Ape Review

Ape

There’s something uniquely unsettling about Joel Potrykus’ anti-comedy Ape (screening tonight as the latest screening collaboration between MDFF and The Seventh Art at Camera on Queen Street at 8:00pm). It’s almost as if a Daniel Clowes novel wasn’t so much adapted as it simply fought its way off the page. It’s awkward, unnerving, strange, combative, brash, and never, ever dull.

Trevor Newandyke (Joshua Burge) is a terrible stand up comedian. Full of the necessary self-loathing, rough life experience, and arrogance that one needs to succeed in the joke telling game, Trevor just isn’t particularly good at what he does while constantly bearing an entitled attitude that makes him think he’s the best person at the comedy showcases he constantly gets bumped from. He’s broke, a rival comic essentially stole material that he said he would pay for, and he’s incredibly unmotivated to make himself any better at his job. If he had his way, he’s be rehearsing the same five or six jokes in the mirror over and over again with hopes that one might finally stick while setting a bunch of flash paper on fire as a stress reliever.

Potrykus’s work here is definitely a character study, generally plotless, shapeless, and not in a hurry to get anywhere, but it combines Trevor’s obvious shortcomings with surrealist asides that give the film some semblance of direction. Shot in an almost documentary fashion, Potrykus and Burge (who wisely never tries to make Trevor particularly likeable, despite a few moments of nobility) watch as Trevor flounders throughout his daily life, at one point making a deal with “the devil” that will add an interesting, if somewhat half baked body horror element that comes almost out of nowhere. There’s a man in an ape costume that shows up at various points to give the film a kind of elliptical feel (one that’s strangely and possibly intentionally tied to one of Trevor’s lamest jokes). He tries unsuccessfully to stop a bike robbery. His cable gets cut off and he has to resort to watching old tapes of Jerry Lewis telethons to pass the time.

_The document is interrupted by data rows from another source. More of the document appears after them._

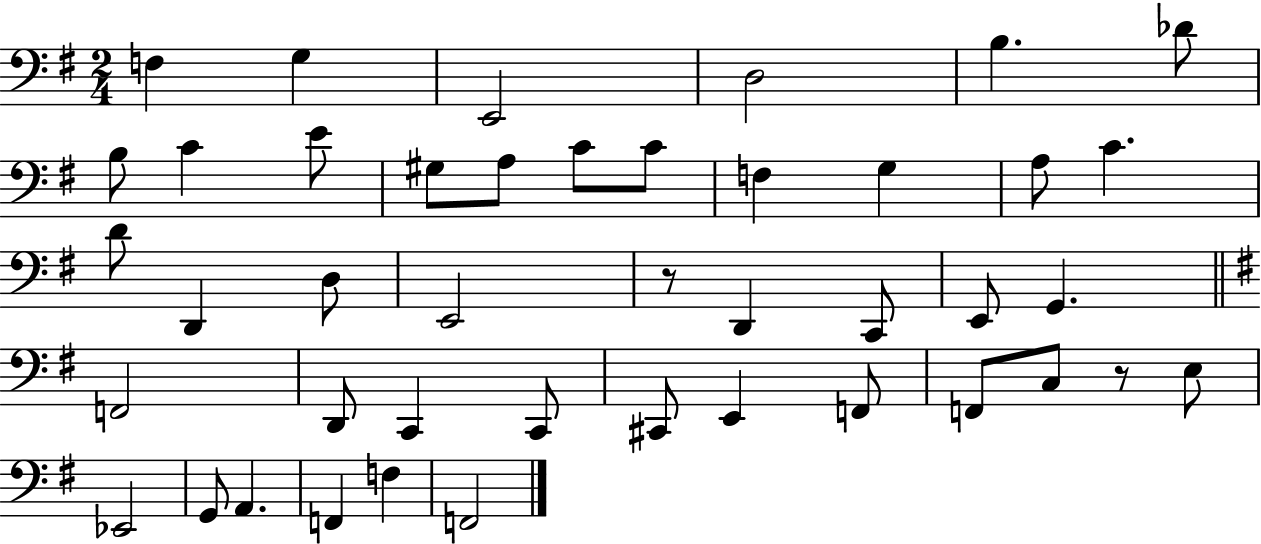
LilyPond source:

{
  \clef bass
  \numericTimeSignature
  \time 2/4
  \key g \major
  \repeat volta 2 { f4 g4 | e,2 | d2 | b4. des'8 | \break b8 c'4 e'8 | gis8 a8 c'8 c'8 | f4 g4 | a8 c'4. | \break d'8 d,4 d8 | e,2 | r8 d,4 c,8 | e,8 g,4. | \break \bar "||" \break \key e \minor f,2 | d,8 c,4 c,8 | cis,8 e,4 f,8 | f,8 c8 r8 e8 | \break ees,2 | g,8 a,4. | f,4 f4 | f,2 | \break } \bar "|."
} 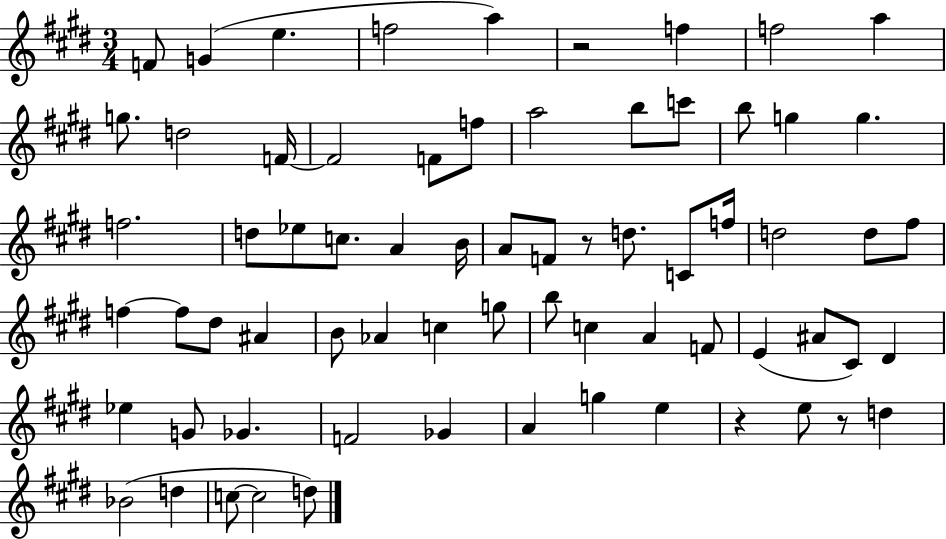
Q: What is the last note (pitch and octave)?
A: D5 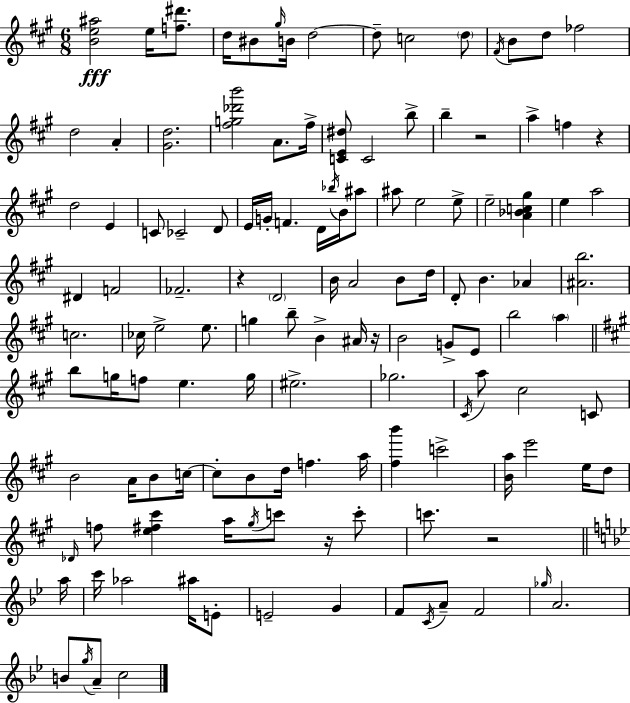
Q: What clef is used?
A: treble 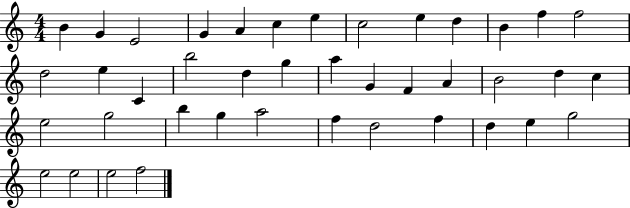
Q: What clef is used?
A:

It’s definitely not going to be everyone’s cup of tea since a vested interest in the psychology of performance is almost a prerequisite to having any interest in Trevor’s plight, and that’s compounded by the more out there elements of the film. It’s in that gray area between experimental and indie, and maybe the film would have benefitted more from actually trying to stick to one rather than the other. A final act attempt to add some stakes to the proceedings leads to a climax that’s certainly cathartic, but somewhat unearned. Despite that, Ape is definitely a film that’s built almost entirely upon individual moments, and most of those moments are pretty good. It’s not a particularly great film, but it’s certainly interesting.